For those worried and wondering if I managed to catch my train yesterday ( many many of you, I'm convinced ), please don't worry, I missed it. No problem I managed to read a few more pages in my book...and to miss my station in Waterloo East and end up in Charing Cross, take the next train back. Distracted, me??? Noooooo...
This is the guy who never, ever took his housekey, went out of the house, came back in because he had forgotten his wallet, went out with the wallet...and noticed this time he had forgotten the housekey inside...
Or forgot for 2 months to call the local library to renew a book, and had to pay £8.50 ( more than the value of the book...).

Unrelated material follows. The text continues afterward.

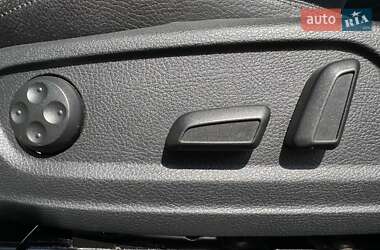 Купе Volkswagen CC / Passat CC 2012 в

This is why Karine always leaves the flat last, so I don't go back in, and mess up things, when I'm desperately looking for something...Still, hehe, most of the time, I win, because even when we're sitting in the car, I again manage to have to walk back in for something...Mind you, Karine, who managed to travel to Luxembourg ( via Eurotunnel ) without any ID nor passport, hmmmm??? ( no, it wasn't me )

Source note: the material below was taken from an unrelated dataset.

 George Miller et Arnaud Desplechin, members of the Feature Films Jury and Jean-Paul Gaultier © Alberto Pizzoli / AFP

Have a nice...huh...what was that again?
Today, a "visual" joke ( I love it ):
A guy is walking down the street, and he's really horny. So he goes to the first whore house he sees. He only has five dollars, so they kick him out. The guy goes to the next one. But, since he only has five dollars, he gets kicked out again. So by this time, he's really super horny, so he goes to the next one and says "Look, I only have five dollars. I'm really horny, and I need a blow-job for 5 dollars!"
The guy there says, "OK. For five dollars, we can give you a penguin."
"What's a penguin?"
So, the guy takes the $5 and leads the horny man to a bedroom. The horny man unzips his pants, and waits for his "penguin."
Soon, a prostitute comes in and starts giving the guy a blow job. Just as he's about to loose his load, she stops and walks away.
Now, the horny guy with his pants at his ankles, waddles after her, shouting, "HEY! WHAT'S A PENGUIN?!?"